Office space on Capitol Hill is distributed according to seniority, and Addabbo, a 15-year veteran and chairman of the Appropriations defense subcommittee, is said to have occupied choice real estate. The 20 members of his staff will stay at least until a new member of Congress is elected for the Queens district Addabbo represented, but they have been assigned new quarters for the time being.
Negotiations over the prize are handled by the office of the Architect of the Capitol. Spokesman Elliott Carroll told States News Service, "They don't wait until the body is cold. But that's politics, I suppose." Down on the Farm? . . .
In the weeks since Frank W. Naylor Jr. was nominated to be chairman of the board of directors at the Farm Credit Administration, speculation has been rife about who will succeed him as undersecretary of agriculture for small community and rural development -- the part of USDA responsible for development and credit programs, including the Farmers Home Administration.

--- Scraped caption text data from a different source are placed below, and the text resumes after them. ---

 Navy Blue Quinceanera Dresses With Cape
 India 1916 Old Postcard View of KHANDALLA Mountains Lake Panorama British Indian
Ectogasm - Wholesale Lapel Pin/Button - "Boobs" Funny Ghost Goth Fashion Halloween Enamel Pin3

Kathleen W. Lawrence, who was Naylor's chief aide, now looks like Agriculture Secretary Richard E. Lyng's probable choice -- news that has Sen. Charles E. Grassley (R-Iowa) up in arms. Grassley is up for reelection this fall, and the farm crisis could be a major political liability. As Naylor's aide, Lawrence has spoken on many Reagan administration farm credit policies that have angered farm-state Republicans and brought charges of insensitivity. In addition, most of her experience before 1982 was in political campaigns, not in agriculture or finance.
Grassley is circulating a letter among fellow senators, seeking signatures for a plea to the president that someone be appointed who "has a strong agriculture and farm finance background -- a rural American . . . . " But he may run up against a political imperative of another kind: Lawrence's appointment would make her the highest-ranking woman in the history of the traditionally male-dominated department. Gamesmanship . . .

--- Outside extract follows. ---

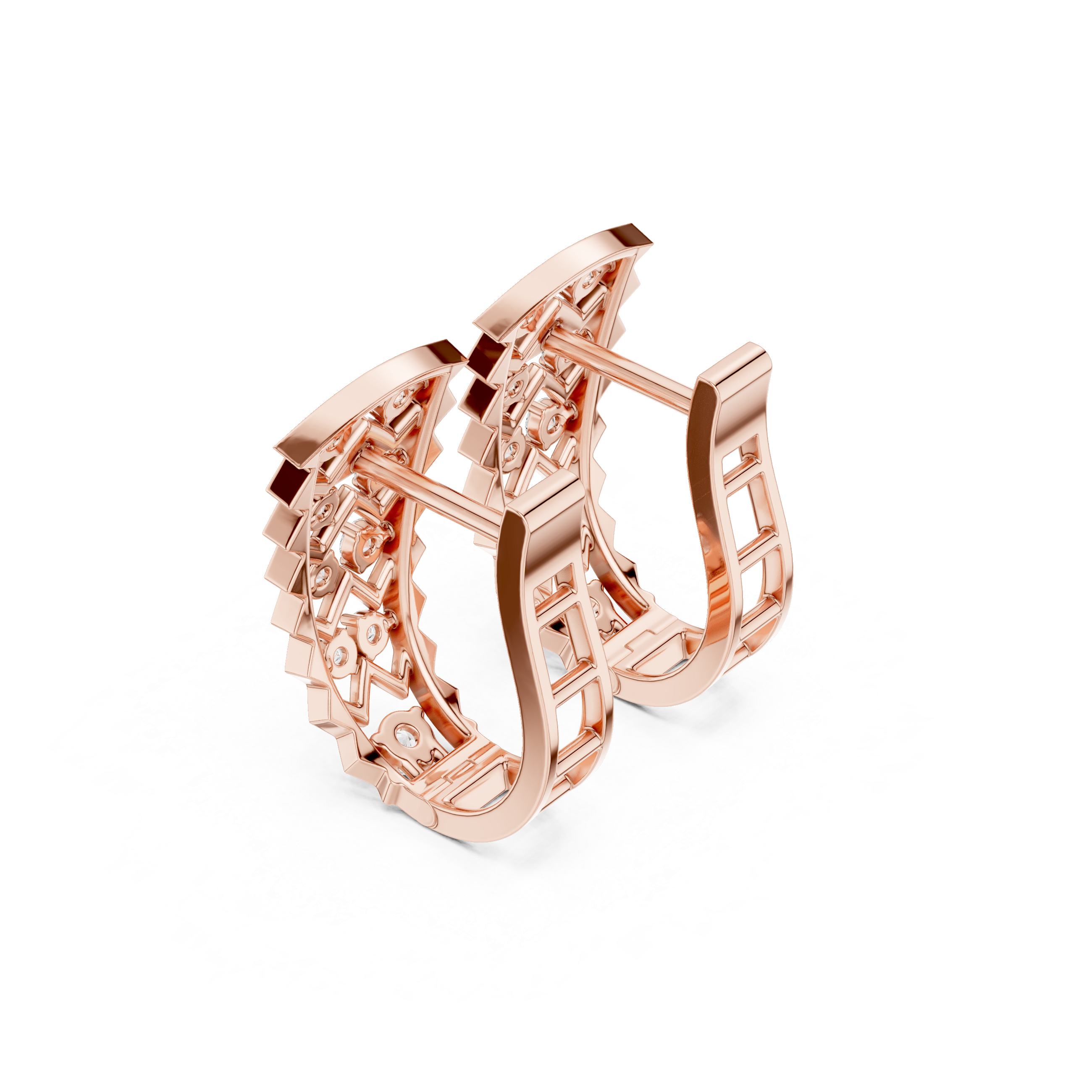 Overlapping Lattice Diamond Hoop Earrings in Rose Gold - VYKA Diamonds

The Bureau of Indian Affairs, reversing a longstanding policy, is notifying leaders of Indian tribes that it wants to review any contracts granted to outside companies to run bingo games.
Tribal bingo games are wildly popular and profitable because they have been exempted by tradition, and recent court rulings, from state gambling regulations. Interior Secretary Donald Hodel has defended them on grounds that they may provide the only jobs on reservations where unemployment is high. But increasingly, bingo is subcontracted to companies from outside the reservations, causing concern about an unintended form of legalized gambling.
Between 105 and 110 tribes are running bingo games, said Vince Lovett, spokesman for the bureau. But it is not known in Washington how many tribes have hired outsiders to manage the games or how many of those contracts have been approved. Nominees . . .
President Reagan plans to nominate A. David Rossin, an official of the Electric Power Research Institute in Palo Alto, Calif., as an assistant secretary of energy, the White House said Friday.
The announcement said Rossin would be named assistant secretary for nuclear energy. Since 1981 he has been director of the Nuclear Safety Analysis Center of the Nuclear Power Division of the institute.
The White House also said Reagan plans to nominate R. Kenneth Towery, president of the Sentinel Corp., a business and political consulting firm in Austin, Tex., as a member of the Corporation for Public Broadcasting.